Start of Input data
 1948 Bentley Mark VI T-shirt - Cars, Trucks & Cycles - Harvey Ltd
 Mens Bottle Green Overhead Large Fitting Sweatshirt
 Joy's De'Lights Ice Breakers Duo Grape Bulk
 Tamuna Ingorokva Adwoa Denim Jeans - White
End of Input data
Start of Input data
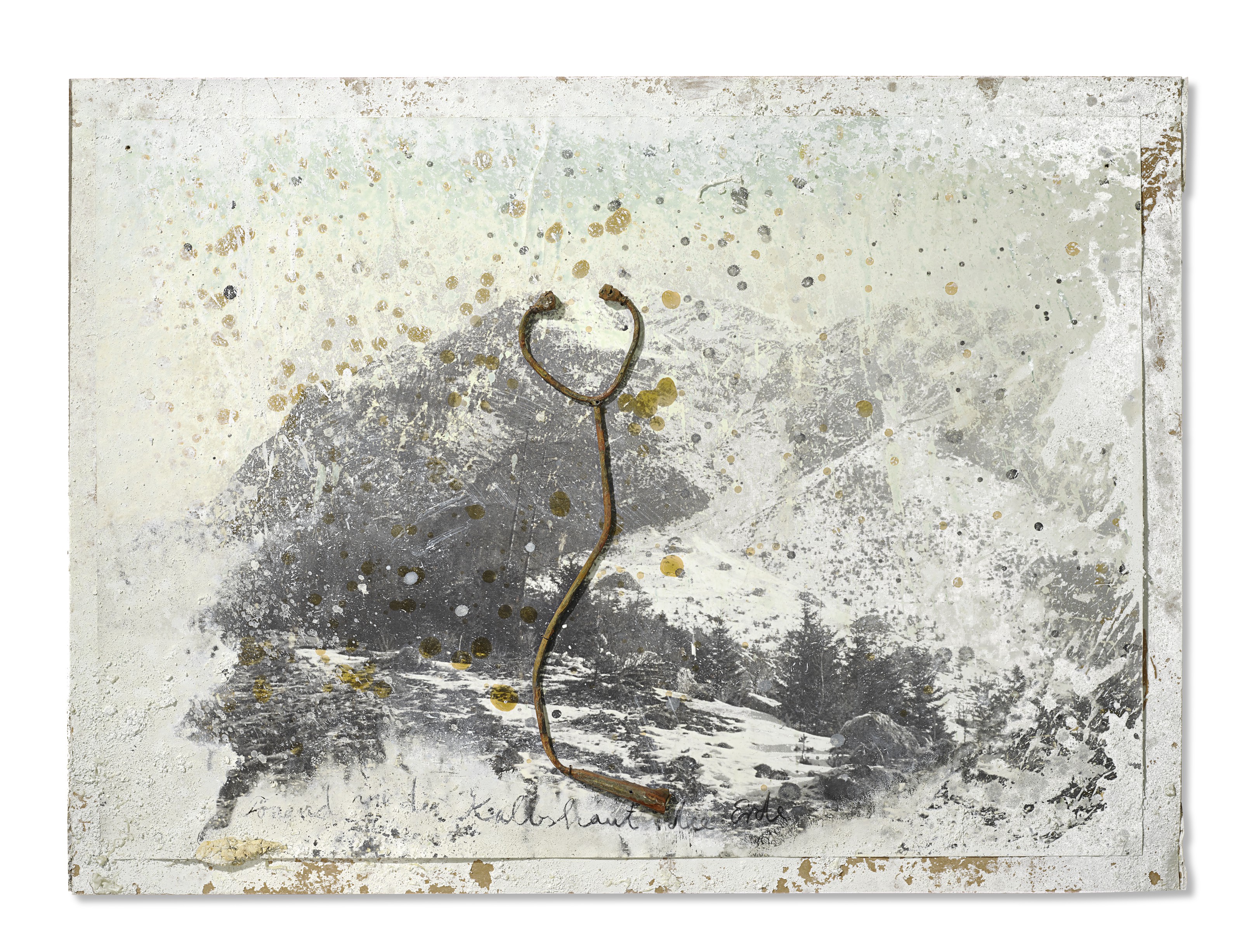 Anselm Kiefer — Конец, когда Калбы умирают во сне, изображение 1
End of Input data
Start of Input data
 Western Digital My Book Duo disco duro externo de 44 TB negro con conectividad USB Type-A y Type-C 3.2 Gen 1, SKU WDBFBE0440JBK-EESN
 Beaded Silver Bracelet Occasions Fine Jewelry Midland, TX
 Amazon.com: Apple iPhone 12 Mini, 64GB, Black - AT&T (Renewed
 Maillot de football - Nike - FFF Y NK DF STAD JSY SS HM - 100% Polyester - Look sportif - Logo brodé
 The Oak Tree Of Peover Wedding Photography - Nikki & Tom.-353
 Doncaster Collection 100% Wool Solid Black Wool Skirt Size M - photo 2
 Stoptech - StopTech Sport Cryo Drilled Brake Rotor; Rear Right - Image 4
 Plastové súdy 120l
End of Input data
## [Task directions]
Keep both end lines and retype everything in the records above from the line containing "1948 Bentley Mark" through the line containing "Tamuna Ingorokva Adwoa Denim Jeans - White", exactly, with nothing else.

## [Response to this exercise]
 1948 Bentley Mark VI T-shirt - Cars, Trucks & Cycles - Harvey Ltd
 Mens Bottle Green Overhead Large Fitting Sweatshirt
 Joy's De'Lights Ice Breakers Duo Grape Bulk
 Tamuna Ingorokva Adwoa Denim Jeans - White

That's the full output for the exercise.